В своих писаниях Пересветов неоднократно подчеркивает, что вельможи являются естественными противниками государя. Никаких конкретных претензий публицист предъявить не готов. По его мнению, бояре хотя и служат Царю, но недостаточно ретиво — «за веру христианскую не стоят». На примере византийской истории Иван Пересветов показывал, как корыстные вельможи «укротили» и «у хитри ли» благоверного царя Константина, которого они превратили в своего «раба». Пересветов приводит прямую аналогию между «укрощением» Константина и боярским самовольством в годы малолетства Ивана{36}.

Спустя пятнадцать лет зимой 1564 года Грозный припомнит обличительные пересветовские тирады. Отбыв из Москвы с многочисленной свитой, он неожиданно объявил о своем намерении оставить царство. Вскоре выяснились и причины этого удивительного решения. Оказывается, Грозный «опалу свою положилъ въ томъ, что после отца его блаженные памяти великого государя Василия… вь его государьские несвершеные лета бояре и все приказные люди его государьства людемъ многие убытки делали и казны его государьске тощили, а прибытковъ его казне государьской никоторой не прибавливали, также бояре его и воеводы земли его государьские себе розоимали, и… и собравъ себе великие богатства, и о государе и о его государьстве не хотят радети и о и оть недруговъ… обороняти… не хотя крестиянства обороняти… и в чем онъ, государь, похочеть которыхъ въ ихъ винахъ понаказати… и архиепископы и епископы и архимандриты и игумены, сложася з бояры и з дворяны и з дьяки и со всеми приказными людьми, почали по них же государю царю и великому князю покрывати…»{37}.

Грозный одним махом обвинил все светские и церковные власти, весь государственный аппарат — от боярина до дьяка — во всех возможных тяжких преступлениях — от нерадивости, до казнокрадства и измены. При этом, правда, царь не привел ни одного конкретного примера, не назвал ни одного имени. Более того, преступления эти якобы имели место в годы несовершеннолетия Иоанна, то есть за 20–30 лет до описываемых событий. Когда Грозный получит неограниченные полномочия судить и миловать, он сразу позабудет про стародавние обиды. Никто из мнимых обидчиков не будет наказан, хотя именно на невозможность покарать преступников сетует он в своем обращении.

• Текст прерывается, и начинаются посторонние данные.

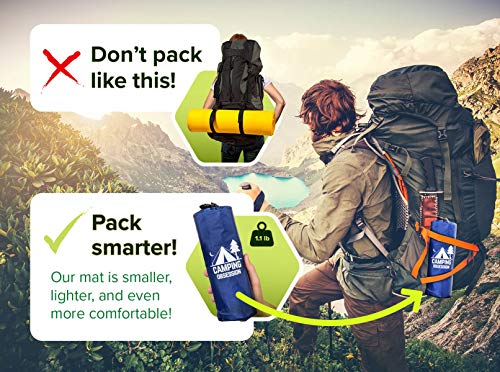 Camping Sleep Mat - Compact & Lightweight Inflatable Sleeping Pad for Backpacking - Ultralight Air Mattress Engineered for Comfort - with 3 Repair Patches and Bonus Survival Whistle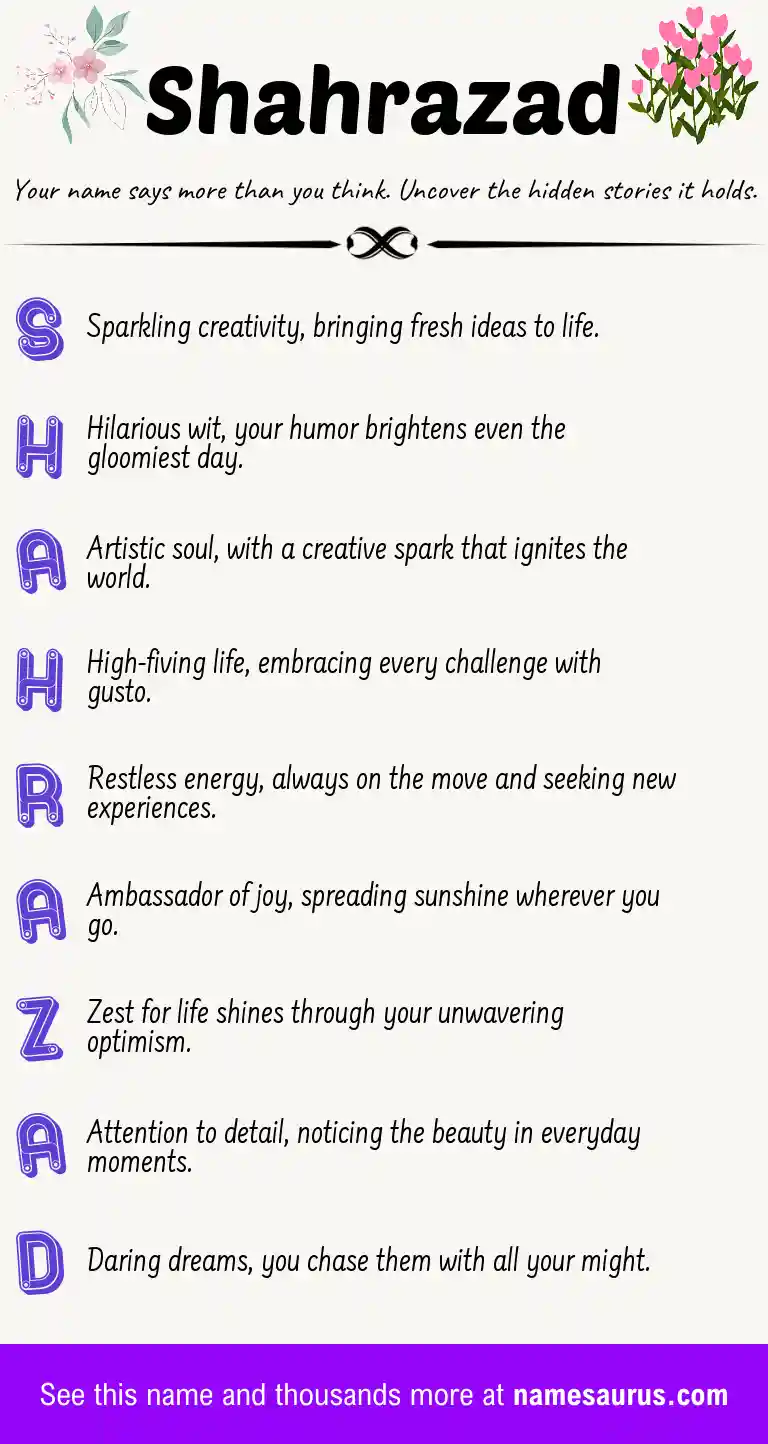Acrostic poem about Shahrazad.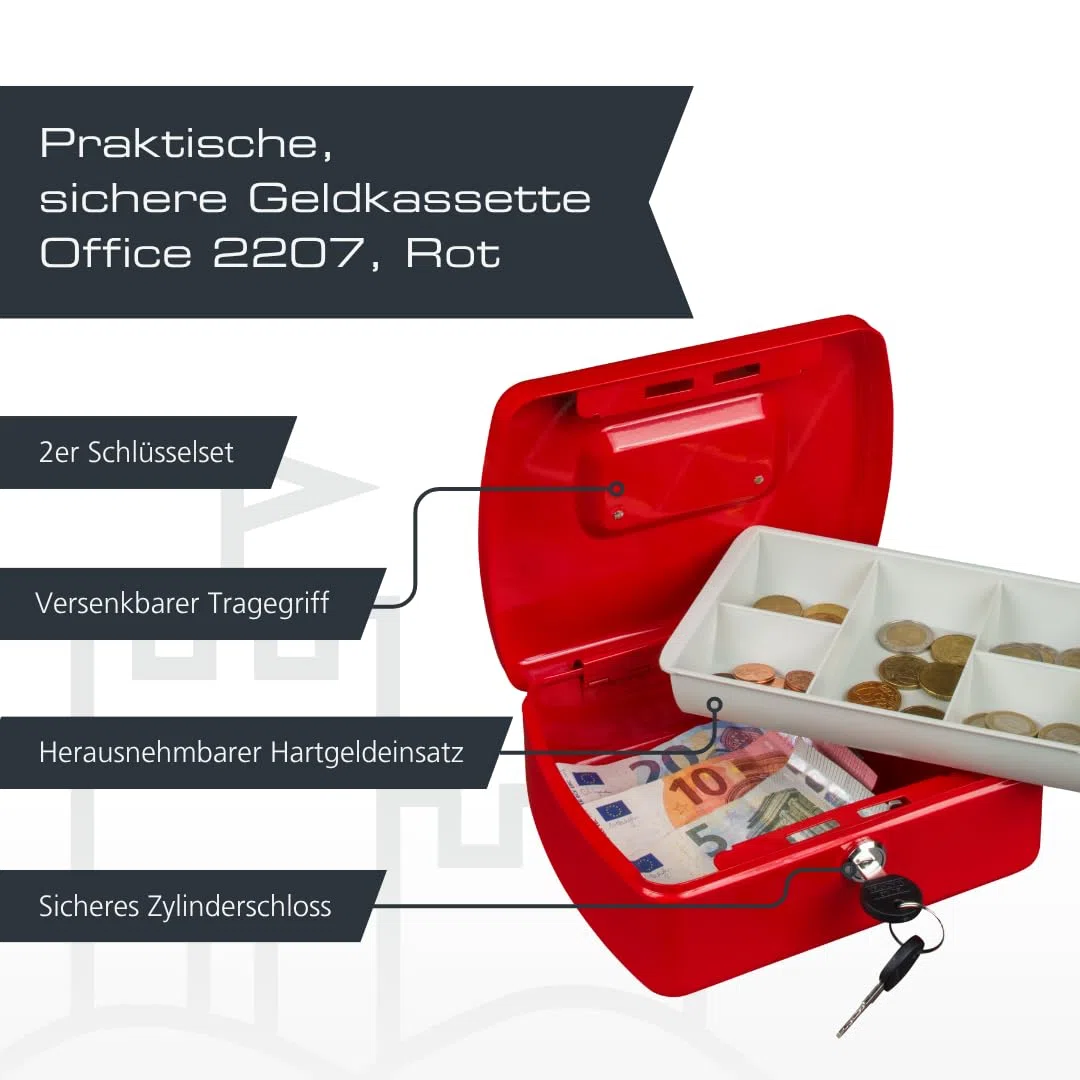 Burg-Wächter Geldkassette abschließbar mit Schlüssel und Hartgeldeinsatz, Stahlblech, Office 2207, Rot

Перед лицом зреющего народного бунта и паралича государственного аппарата высшее духовенство и Боярская дума посчитали, что у них нет иного выхода, как полностью удовлетворить ультиматум Грозного. Они покорно согласились с тем, чтобы Иоанн «на государстве бы были своими бы государствы владел и правил, как ему, государю, годно». Но оказалось, что Иоанн не собирался удовлетвориться превращением из монарха, ограниченного традицией и правом, в тирана. Он задумал перевернуть всю Россию вверх дном: «учинити ему на своем государстве себе опришнину, двор ему себе и на весь свой обиход учинити особной, а бояр и околничих и дворецкого и казначеев и всяких приказных людей, да и дворян и детей боярских… учинить себе особно…»{38}.